Given this fact and given that the Respondent states that he thought that “SERVICEMASTER” and “SERVICEMASTERS” were good names for use with his intended business venture, it seems likely that he would have checked whether the <servicemaster.com> was available, and if he had done so is likely to have discovered the Complainant’s interest in that domain.

Would not an individual of the sophistication of the Respondent have known that a “.com” domain name was likely to attract more traffic than .info and .ws equivalents? Admittedly, the Respondent has registered many different types of domain names but the vast majority of theses are “.com”s.

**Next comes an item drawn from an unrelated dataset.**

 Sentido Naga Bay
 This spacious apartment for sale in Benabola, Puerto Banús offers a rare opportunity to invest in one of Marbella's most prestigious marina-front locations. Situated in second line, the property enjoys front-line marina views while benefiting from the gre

It is also clear that in other cases where he has registered a “.info” Domain Name he has registered the “.com” equivalent. Examples include the series <getoffgas.com>, <getoffgas.biz>, <getoffgas.info> and <getoffgas.net>, and the series <ourstrata.com>, <ourstrata.ca>, <ourstrata.info>, <ourstrata.net>, and <ourstrata.org>.

The Panel is not suggesting that the Respondent was under an obligation to check the “.com” equivalent. It is simply that as a matter of fact in this case, it would have been rather odd if he did not do so.

6.18 Perhaps none of these factors either alone or together suggest that the Respondent must have known that the Complainant’s interest in the name. However, there is one other important factor in this case that has a significant impact on the weight to be given to the Respondent’s assertion that he did not know about the Complainant’s business.

6.19 The Domain Names were not all registered at the same time. WHOIS documentation exhibited to the Complaint makes it clear that whilst the <servicemaster.info> and <servicemasters.info> domain names were registered in January 2007, the <servicemaster.ws> domain name was not registered until January 26, 2007. The significance of this fact is that by January 26, 2007, negotiations between the Complainant’s agent and the Respondent in relation to the purchase of the first two domain names had been going on for at least a month. Indeed, it would appear from the email correspondence that on or about the same day the Respondent sent the Complainant’s agent an email stating that he was “thinking a little more about the deal”. He then goes on to state:

“We both know that Service Master is a big franchise brand with their Merry Maids and Terminix divisions amongst others. If they are your clients, then I’m sure they can afford considerably more than $1,500 to secure this property, and if they are NOT your client, then may be I should go after them directly and see if I can get a better deal from them directly or better yet their competitors”.

Then in an email a few days later to the Complainant’s agent, the Respondent asks:

“are they interested in servicemaster.ws? I own it also”.

6.20 The only credible explanation of these events and this email is that the <servicemaster.ws> domain name was registered with a view to sale either to the Complainant or to the Complainant’s competitors. Therefore, the Respondent’s claims that he did not register the Domain Names with the intention of reselling them are at least insofar as this third domain name are concerned, demonstrably false. It also suggests that the Respondent at all times knew about the Complainant’s business in some detail.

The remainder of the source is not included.